Untuk mengatasi krisis iklim, banyak negara menetapkan target zero carbon pada 2050. Namun, apakah ambisi ini realistis di tengah tantangan global yang begitu kompleks?
Zero carbon berarti mengurangi semua emisi karbon hingga nol bersih, dengan sisanya diimbangi lewat teknologi penyerapan karbon. Transisi ini membutuhkan transformasi besar di sektor energi, transportasi, dan industri.
Negara maju seperti Uni Eropa dan Jepang sudah melangkah lebih jauh dengan investasi masif di energi terbarukan. Namun, negara berkembang menghadapi hambatan serius: biaya tinggi, infrastruktur minim, dan ketergantungan pada energi fosil.

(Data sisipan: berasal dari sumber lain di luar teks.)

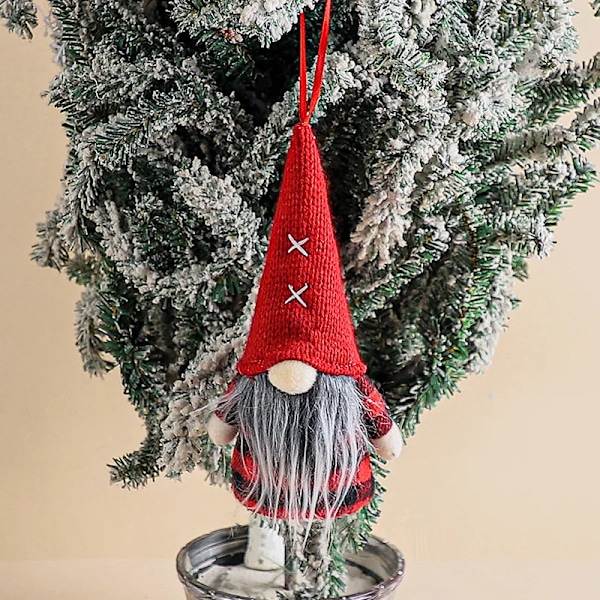 Juletomter i Plysj med Røde Rutete Stoffer Håndlagde Jul- og Valentinsdag Tomte Svenske Skandinaviske Figurer Hjemfest Dekorasjon red plaid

Konflik kepentingan juga menjadi penghalang. Industri batu bara menolak perubahan, sementara sektor energi hijau belum sepenuhnya siap menggantikan. Jutaan pekerja di industri lama khawatir kehilangan pekerjaan.
Selain itu, pendanaan global menjadi isu besar. Negara maju diminta menanggung lebih banyak biaya transisi, tetapi komitmen mereka sering tidak konsisten.
Meski begitu, tekanan publik makin kuat. Bencana iklim yang semakin sering membuat masyarakat menuntut aksi cepat. Generasi muda menjadi motor utama gerakan lingkungan global.
Zero carbon adalah ambisi mulia, tetapi juga ujian solidaritas dunia. Jika hanya segelintir negara yang mampu, hasilnya tidak akan maksimal.
Pertanyaannya: bisakah dunia bersatu dalam menghadapi krisis iklim, atau ambisi ini hanya akan jadi slogan politik?